• _WHAT THE EXERCISE ASKS_:
In the entries below, find the line with "The green trees" and the line with "动态国内IP代理，探索网络匿名性的新境界，动态国内ip代理ip", then retype both and everything between them exactly. Do not copy the pictures.

• _SOURCE MATERIAL_:
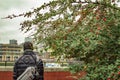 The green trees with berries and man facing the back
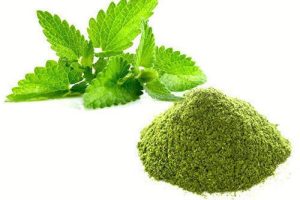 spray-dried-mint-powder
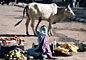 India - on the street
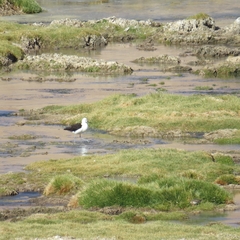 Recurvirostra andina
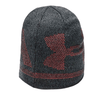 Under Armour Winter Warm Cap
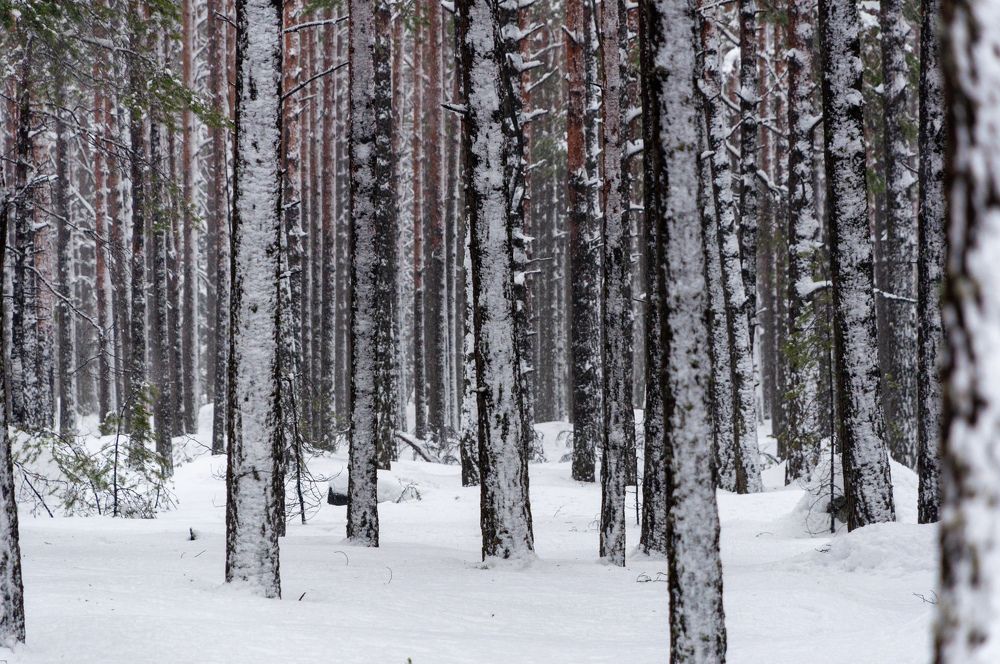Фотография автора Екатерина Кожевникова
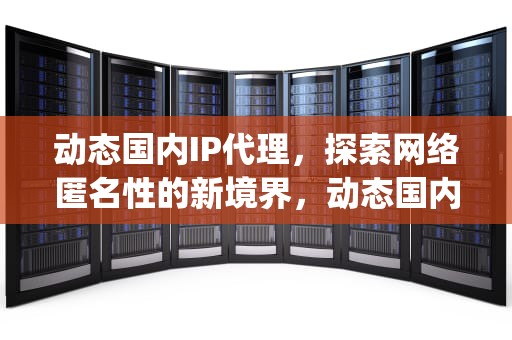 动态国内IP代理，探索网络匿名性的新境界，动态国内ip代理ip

* * *

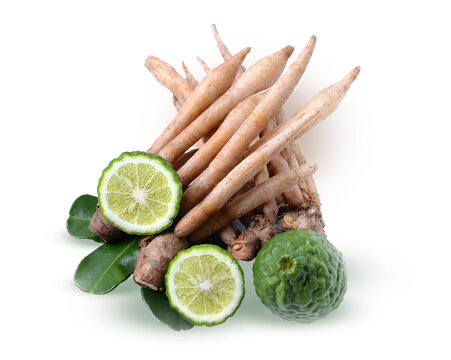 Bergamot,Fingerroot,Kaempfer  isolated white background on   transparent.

• _WRITTEN RESPONSE_:
 The green trees with berries and man facing the back
 spray-dried-mint-powder
 India - on the street
 Recurvirostra andina
 Under Armour Winter Warm Cap
Фотография автора Екатерина Кожевникова
 动态国内IP代理，探索网络匿名性的新境界，动态国内ip代理ip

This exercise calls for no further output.